_TO DO_:
Look in the material below for the line with "50 Fall Daily" and the line with "Cute Bow House", then set down exactly those two lines and all lines between, nothing more.

_DATA IN THIS EXERCISE_:
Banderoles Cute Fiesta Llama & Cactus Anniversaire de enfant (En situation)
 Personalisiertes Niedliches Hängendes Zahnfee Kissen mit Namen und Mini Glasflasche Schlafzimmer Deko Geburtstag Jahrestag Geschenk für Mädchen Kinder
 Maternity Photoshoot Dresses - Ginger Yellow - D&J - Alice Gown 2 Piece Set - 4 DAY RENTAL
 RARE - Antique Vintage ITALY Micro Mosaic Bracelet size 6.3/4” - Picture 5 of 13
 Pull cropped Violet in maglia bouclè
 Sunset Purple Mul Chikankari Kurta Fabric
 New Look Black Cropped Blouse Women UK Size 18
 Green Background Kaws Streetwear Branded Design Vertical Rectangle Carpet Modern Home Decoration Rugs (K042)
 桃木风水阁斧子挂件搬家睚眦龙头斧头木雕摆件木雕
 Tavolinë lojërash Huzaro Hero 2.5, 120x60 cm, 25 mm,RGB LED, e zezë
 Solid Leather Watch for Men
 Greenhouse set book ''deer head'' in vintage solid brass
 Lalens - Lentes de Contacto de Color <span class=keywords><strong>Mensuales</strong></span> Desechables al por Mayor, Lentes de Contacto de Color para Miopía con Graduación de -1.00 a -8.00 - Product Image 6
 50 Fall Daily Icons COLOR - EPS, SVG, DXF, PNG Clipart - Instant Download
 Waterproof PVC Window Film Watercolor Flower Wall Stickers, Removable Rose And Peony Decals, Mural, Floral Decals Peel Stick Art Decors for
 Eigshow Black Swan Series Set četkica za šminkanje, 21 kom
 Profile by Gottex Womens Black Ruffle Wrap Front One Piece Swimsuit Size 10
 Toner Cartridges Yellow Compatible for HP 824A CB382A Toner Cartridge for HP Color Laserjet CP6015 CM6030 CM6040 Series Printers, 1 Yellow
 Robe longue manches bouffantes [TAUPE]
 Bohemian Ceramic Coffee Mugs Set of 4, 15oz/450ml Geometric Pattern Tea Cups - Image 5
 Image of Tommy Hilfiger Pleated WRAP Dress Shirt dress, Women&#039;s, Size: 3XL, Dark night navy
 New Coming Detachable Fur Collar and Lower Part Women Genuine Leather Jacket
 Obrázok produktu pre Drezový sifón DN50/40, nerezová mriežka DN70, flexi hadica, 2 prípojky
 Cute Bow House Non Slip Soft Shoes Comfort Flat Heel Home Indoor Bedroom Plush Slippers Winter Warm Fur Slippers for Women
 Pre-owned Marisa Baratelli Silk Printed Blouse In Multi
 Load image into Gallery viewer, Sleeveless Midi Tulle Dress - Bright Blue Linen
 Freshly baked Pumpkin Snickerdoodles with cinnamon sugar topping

_EXERCISE RESULT_:
 50 Fall Daily Icons COLOR - EPS, SVG, DXF, PNG Clipart - Instant Download
 Waterproof PVC Window Film Watercolor Flower Wall Stickers, Removable Rose And Peony Decals, Mural, Floral Decals Peel Stick Art Decors for
 Eigshow Black Swan Series Set četkica za šminkanje, 21 kom
 Profile by Gottex Womens Black Ruffle Wrap Front One Piece Swimsuit Size 10
 Toner Cartridges Yellow Compatible for HP 824A CB382A Toner Cartridge for HP Color Laserjet CP6015 CM6030 CM6040 Series Printers, 1 Yellow
 Robe longue manches bouffantes [TAUPE]
 Bohemian Ceramic Coffee Mugs Set of 4, 15oz/450ml Geometric Pattern Tea Cups - Image 5
 Image of Tommy Hilfiger Pleated WRAP Dress Shirt dress, Women&#039;s, Size: 3XL, Dark night navy
 New Coming Detachable Fur Collar and Lower Part Women Genuine Leather Jacket
 Obrázok produktu pre Drezový sifón DN50/40, nerezová mriežka DN70, flexi hadica, 2 prípojky
 Cute Bow House Non Slip Soft Shoes Comfort Flat Heel Home Indoor Bedroom Plush Slippers Winter Warm Fur Slippers for Women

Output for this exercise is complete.